Die passenden Narative
Aber Grosny liegt in Europa, man fiel gerne auf den false-flag Anschlag in Moskau herein, der Putin, wie man heute weiß, den Grund für den Tschetschenien-Krieg lieferte, man akzeptierte den Krieg in Georgien, die Besetzung Transnistriens, den Raub der Ukraine und des Donbass. Was in der Aufzählung vergessen? Man fand für alles das passende Narrativ, bis zu Butscha, 5. April 2022. Butscha, die kleine Stadt nördlich von Kiew, ist heute weltbekannt. Sie steht nicht nur für eine Soldateska, die sich austobte, sie steht für staatlich befohlenen Genozid. Und sie steht für eine Zeitenwende, und hundert Journalisten vor Ort versuchen, dies in Worte zu fassen. Nun stehen alle diejenigen, die jahrelang den Kotau übten und predigten, wasch´ mir den moralischen Pelz aber mach mich wirtschaftlich nicht nass, entblößt da vor einer entsetzten Weltgemeinschaft.
Heuchler, Naive und Günstlinge
Gut, die politischen Heuchler dieser Welt von Gerhard Schröder, über Manuela Schwesig bis zu Matthias Platzeck und die politisch naiven wie Angela Merkel und Frank-Walter Steinmeier, nicht zu reden von den Günstlingen der deutschen Wirtschaft – sie alle versuchen ihren „Irrtum“ zu erklären.
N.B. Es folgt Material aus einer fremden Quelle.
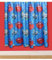 Original Disney Pixar Cars 2 SPY 2 Stück Fertig-Gardinen/Vorhänge-Set je 138 cm lang und 168 cm breit, blau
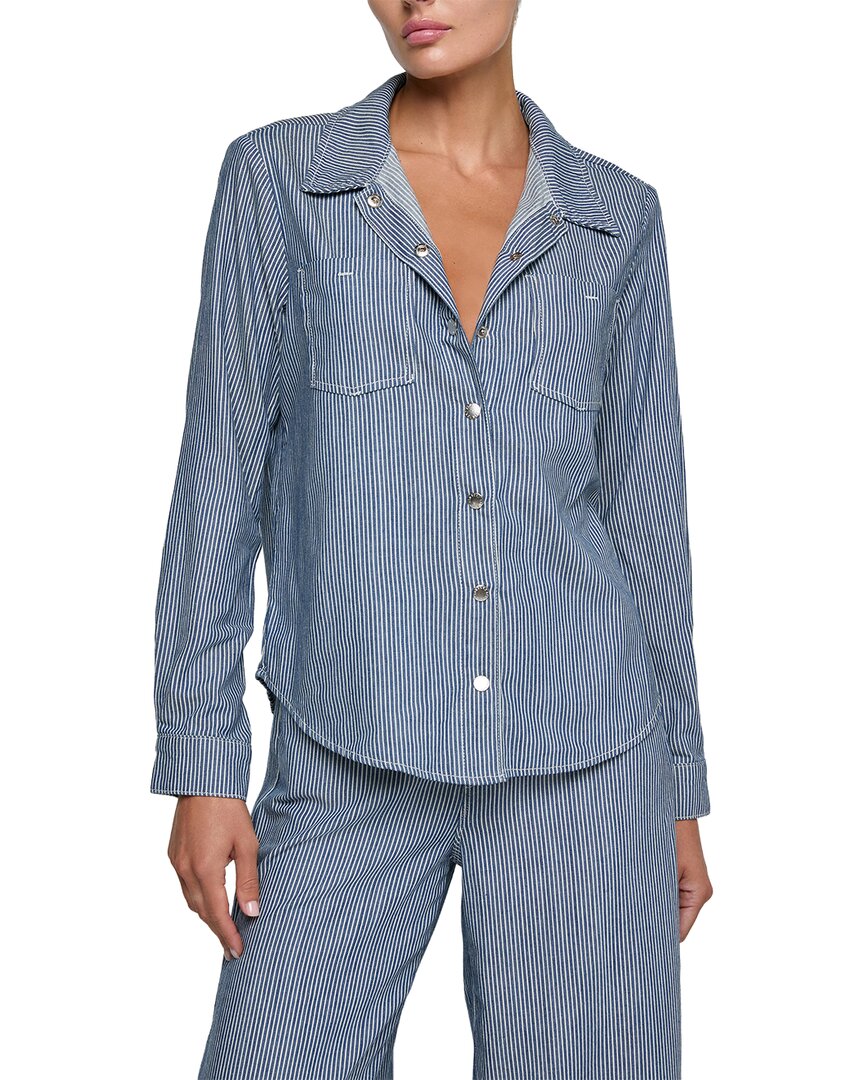 LABS-AZURE BLUE STRIPE-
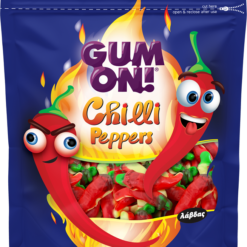 Ζελίνια Chilli Peppers Gum On! (80g)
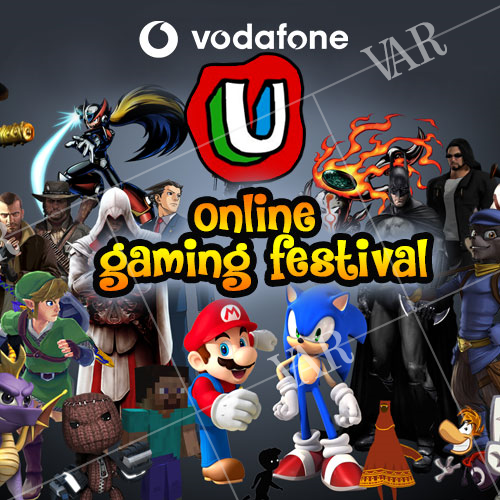 vodafone u brings first ever online gaming festival in india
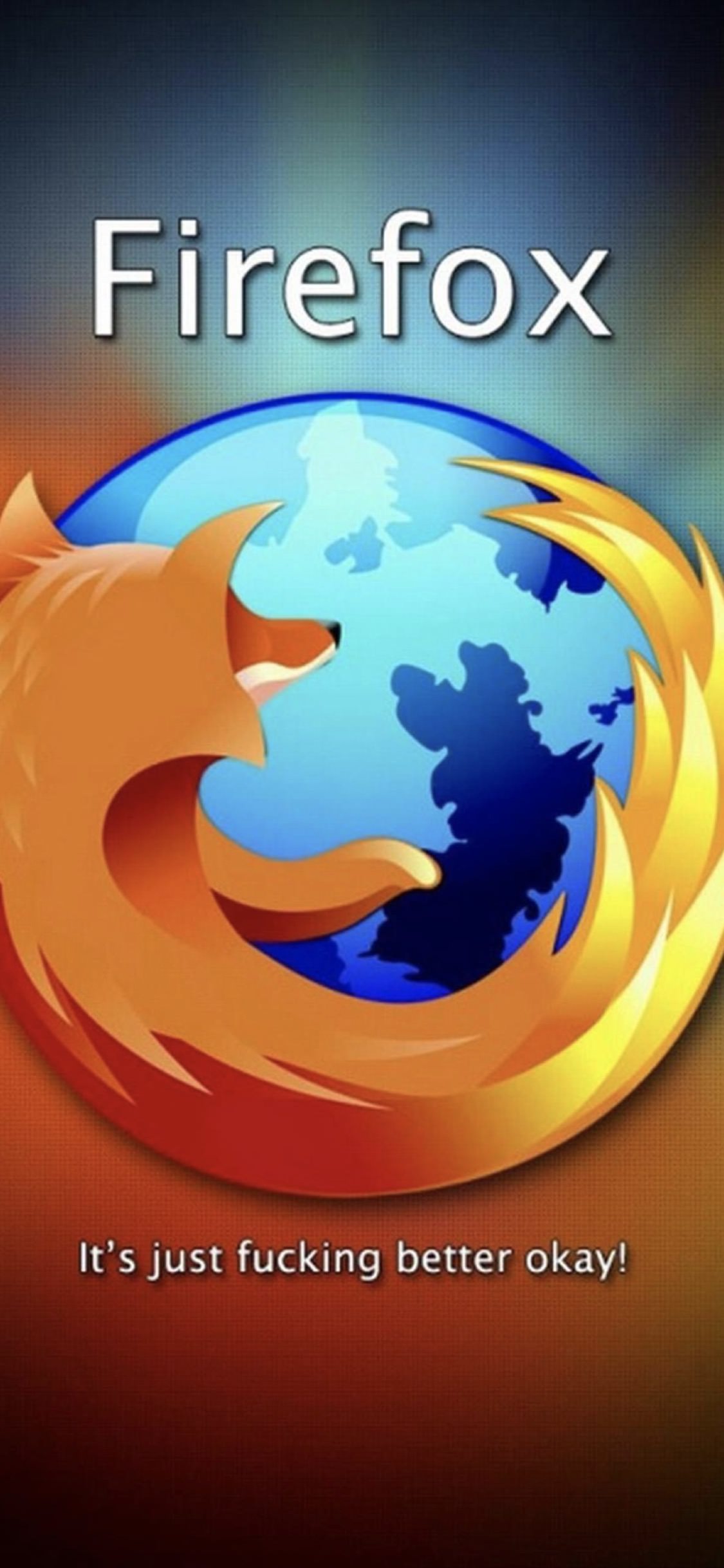 イラストfirefox Wallpaper Sc Iphonexs壁紙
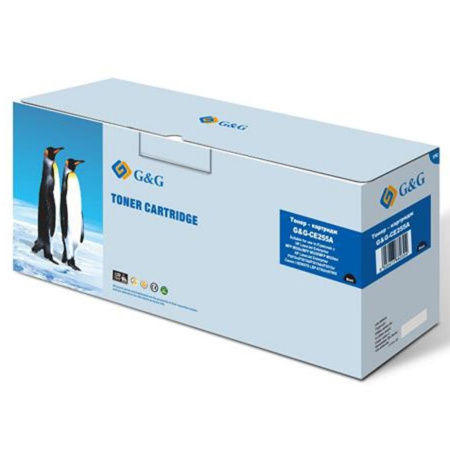 Картридж G&G до HP LJ P3015 series-G&G-724 Black (6000 стор) - фото 1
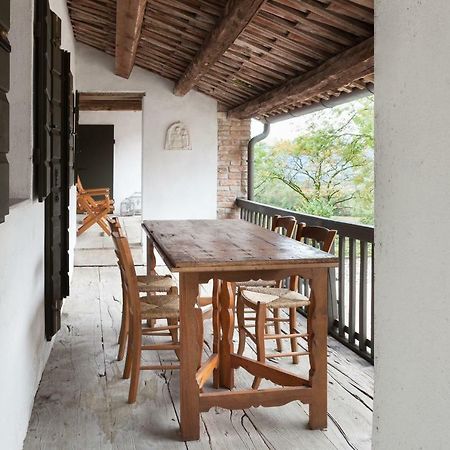 Santa Giustina  Colvago La Corte Spectacular Ancient Country House 아파트 외부 사진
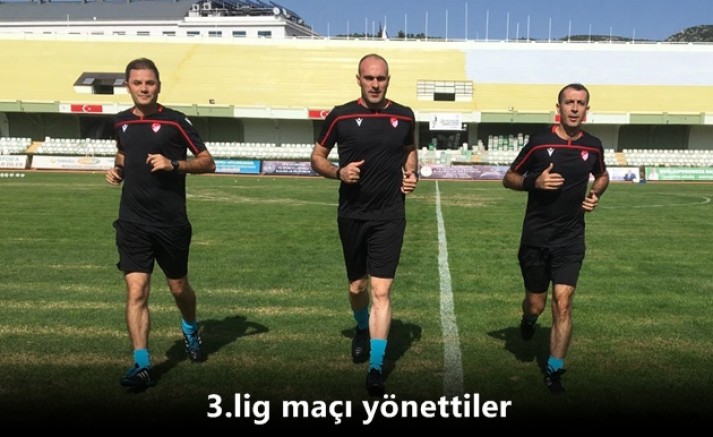 Kahramanmaraş Hakemlik tarihinde uzun süre sonra ilk yaşandı
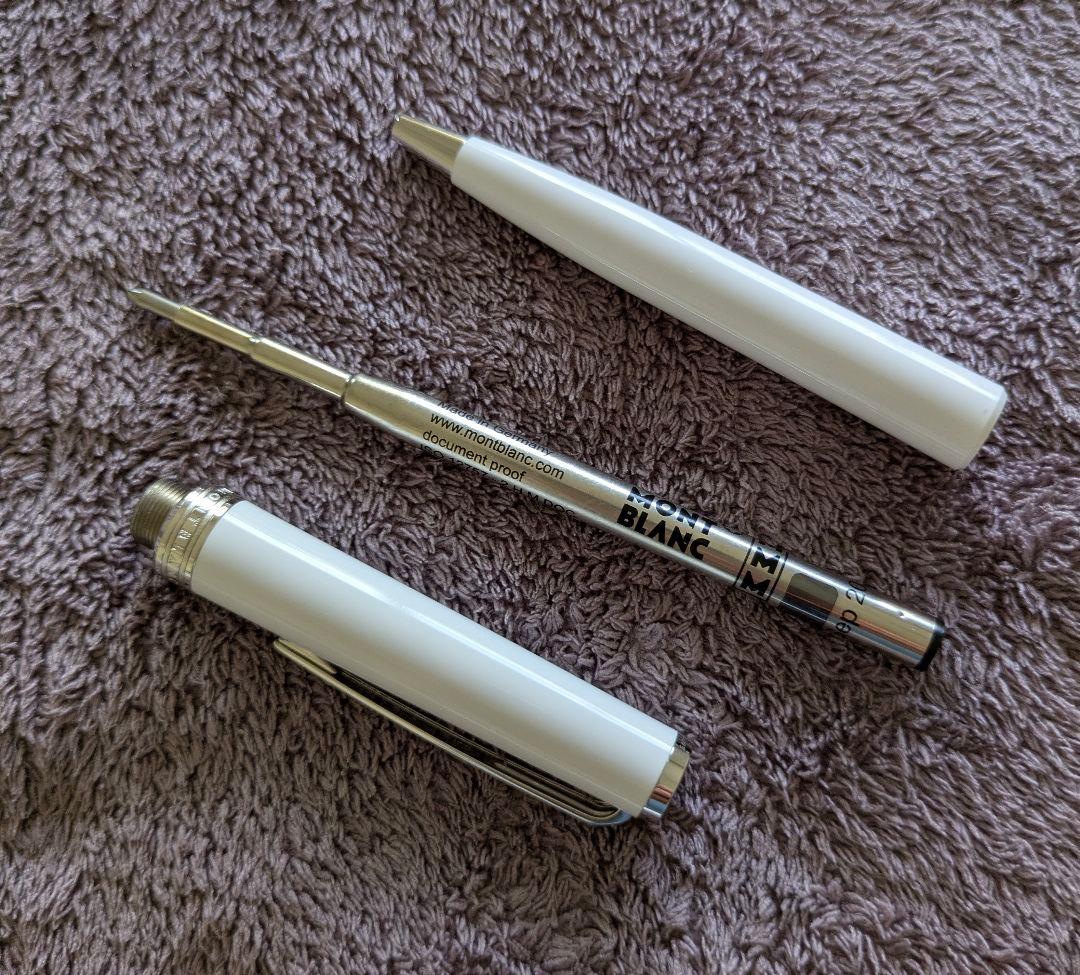 Montblanc PIXボールペン ホワイト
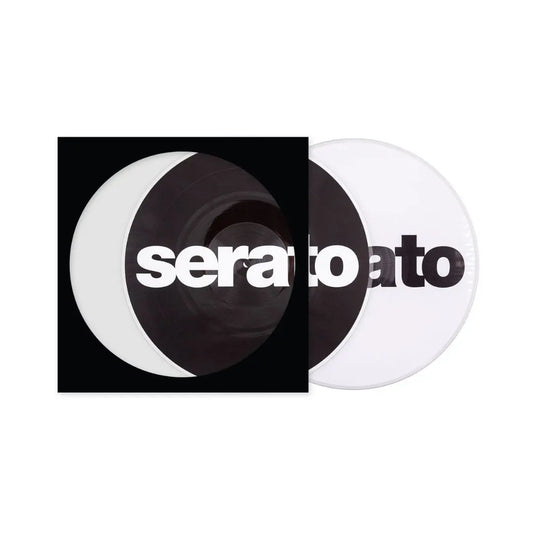 Serato 12″ Logo Picture Disk Control Vinyl (Pair)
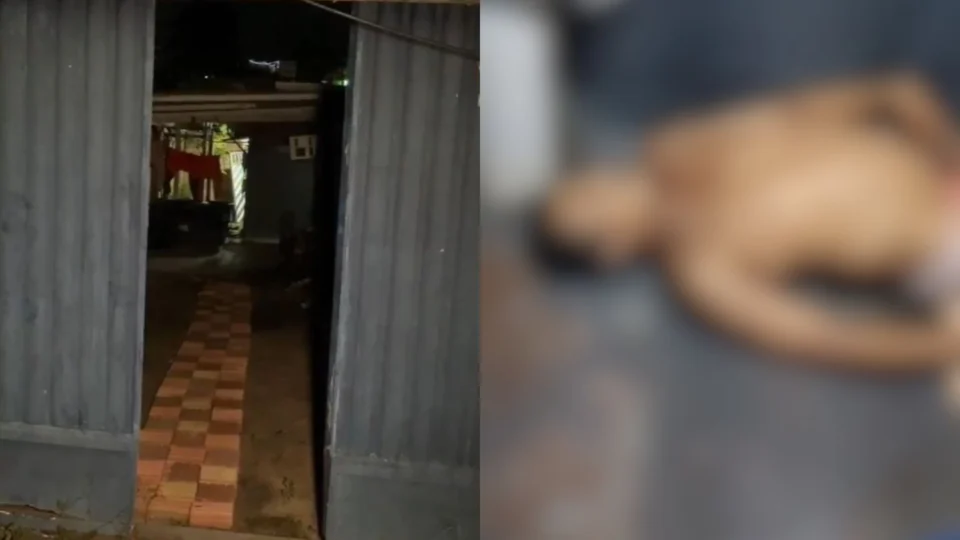 Homem é morto com facada no peito durante briga com companheira na Colônia Antônio Aleixo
Es wäre nicht ihr „Ding“ gewesen, sie wären nicht aufgefordert gewesen zu sagen, „stopp“. Sie wollen nicht vor der Geschichte auf der Seite der Versager dastehen und wollen das Recht behalten, zur Kehrtwende aufzufordern.
Ob das glaubhaft ist? Das mögen später Historiker beurteilen. Aber was ist das „Ding“ von uns Journalisten? Zu beschreiben, was ist, die Tatsachen, die facts, und keine Werbung und keine Propaganda abzusondern. Das ist es sicherlich, unser „Ding“. Doch was heißt das konkret? Sollen wir darauf verzichten, von Sankt Petersburg zu schwärmen und so Touristen anzulocken? Das ist eine Entscheidung, die jeder für sich treffen muss. Die Vorstellung, dass mit den Einnahmen einer Reise nach Russland die Kugeln und Bomben für Butscha finanziert würden, zwingt mich zu einer eindeutigen Antwort.
Was ist mit kuba?
Aber was ist mit anderen Ländern, all jenen, die sich nicht von Putins Krieg zur „Entukrainisierung“ der Ukraine distanzieren? Was ist beispielsweise mit Kuba? Kann man eine Reise auf die karibische Insel noch guten Gewissens in Reise-Stories beschreiben?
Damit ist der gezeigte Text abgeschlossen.